= Inland saline aquaculture =

Farming of aquatic life using inland sources of saline groundwater

Inland saline aquaculture is the farming or culture of aquatic animals and plants using inland (i.e. non-coastal) sources of saline groundwater rather than the more common coastal aquaculture methods. As a side benefit, it can be used to reduce the amount of salt in underground water tables, leading to an improvement in the surrounding land usage for agriculture. Due to its nature, it is only commercially possible in areas that have large reserves of saline groundwater, such as Australia.

== Systems ==
=== Extensive culture ===
Extensive culture aquaculture systems are simple and with low levels of intervention. An example of this would be a salty dam, lake or pond stocked with trout, where no food is needed to be added as the fish can feed off what naturally occurs in the water. While they required little capital investment or management time, their productivity is relatively low.

=== Intensive culture ===
Intensive culture requires more capital outlay and greater management time. Often they use purpose-built facilities (e.g. tanks), artificial food and aeration and constant monitoring of water quality. It has much higher productivity rates, but associated high levels of feeding, labour, water pumping and capital costs.

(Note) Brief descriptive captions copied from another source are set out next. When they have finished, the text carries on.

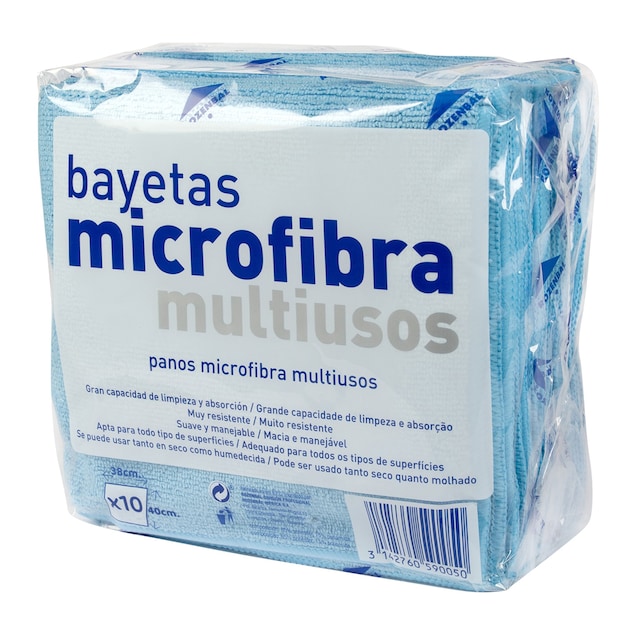 Imagen 0 de Bayeta Microfibra Profesional 38 x 40 cm - 10 Uds
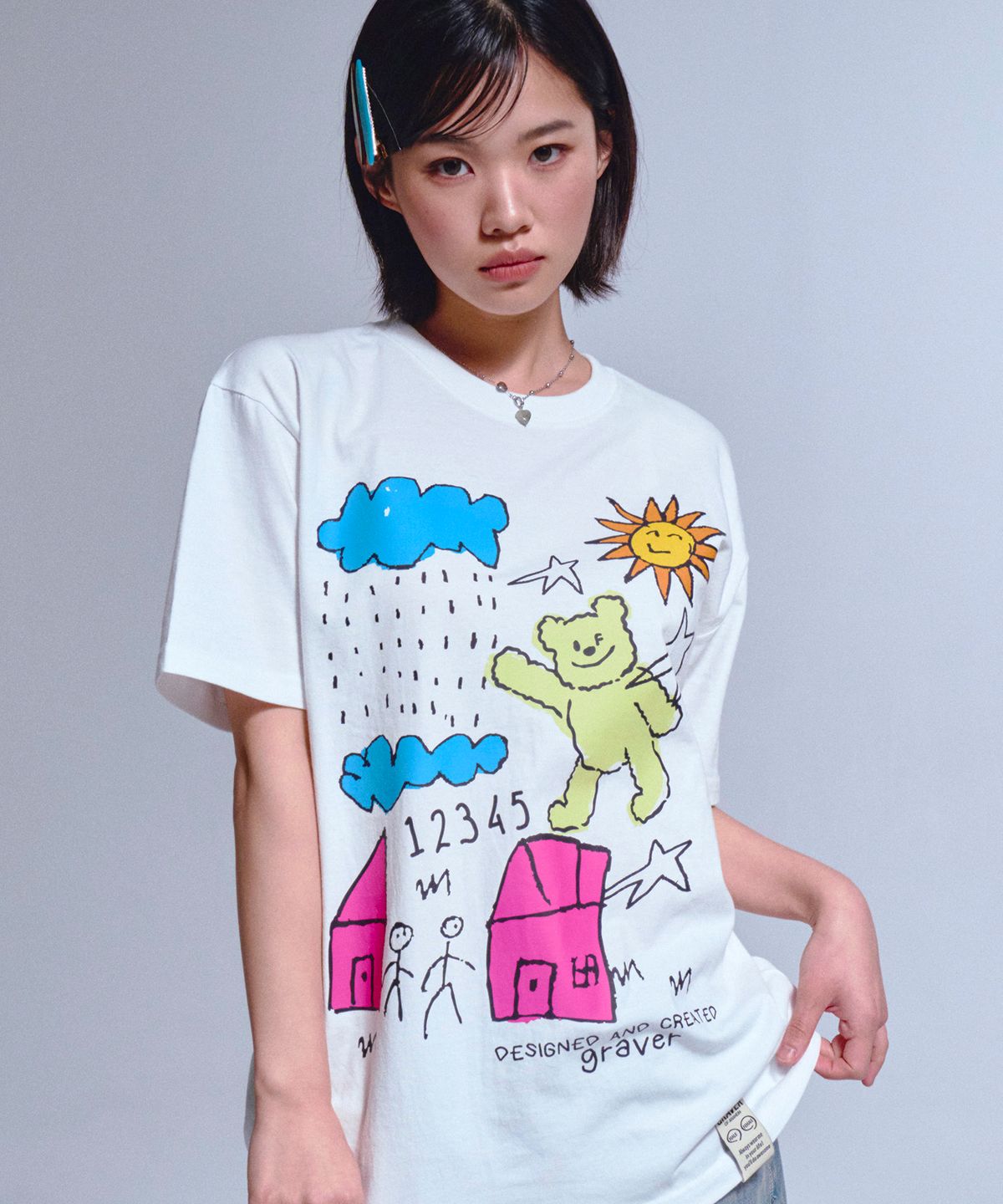 그레이버(GRAVER) [UNISEX]뉴 드로잉 반팔티_3color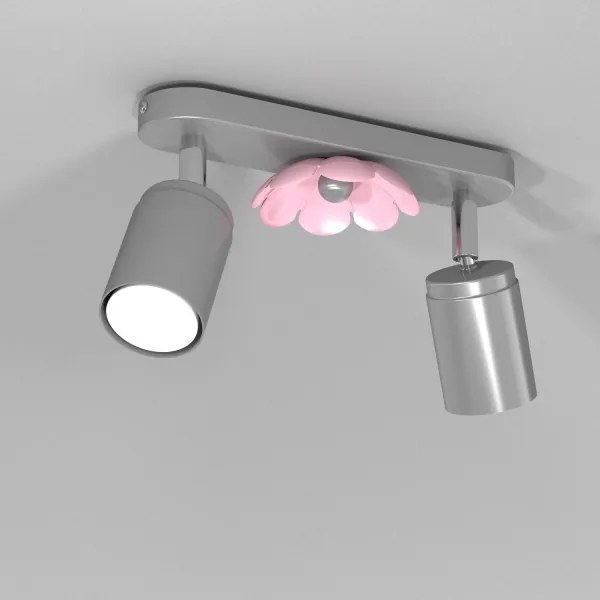 Spot FLOWER 2xGU10/8W/230V crom mat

=== Semi-intensive culture ===
Semi-intensive culture is in between extensive and intensive culture. It may range from adding some artificial feed to an extensive system or some aeration and waste management. Costs rise as more inputs are added.

== Suitable species ==
=== Fish ===
- Rainbow trout - robust, fast growth, require low water temperatures, may be limited to winter production
- Brown trout - robust, fast growth, require low water temperatures, may be limited to winter production
- Barramundi - needs higher temperatures, tolerant in a large range of salinity levels
- Macquarie perch - wide tolerance over range of salinity and water quality levels, not suitable for commercial quantities
- Silver Perch - suitable for extensive and intensive systems, prefers warmer water
- Snapper

=== Other species ===
- Crustaceans - brine, shrimp, prawns - these can be included as part of a wastewater treatment program as some have the capacity to quickly clean water
- Molluscs - mussels
- Algae - both unicellular and "seaweeds" can be used to extract a range of high-value products, including pharmaceutical chemicals.

=== Mixing species ===
==== Chain system ====
Some inland aquaculture systems involve using a range of separated species to increase its productivity. An example of this would be where water is used to culture a fish specifies, which is then diverted to tanks of shellfish which feed on the fine particles left by the fish, which then is diverted to algae species which remove the dissolved nutrients, and then last of all the water is sent to a horticultural system.

==== Polyculture ====

Separate from this type of system is polyculture, where two or more species are cultured in the same water, possibly multiple fish species or a fish and mollusc species.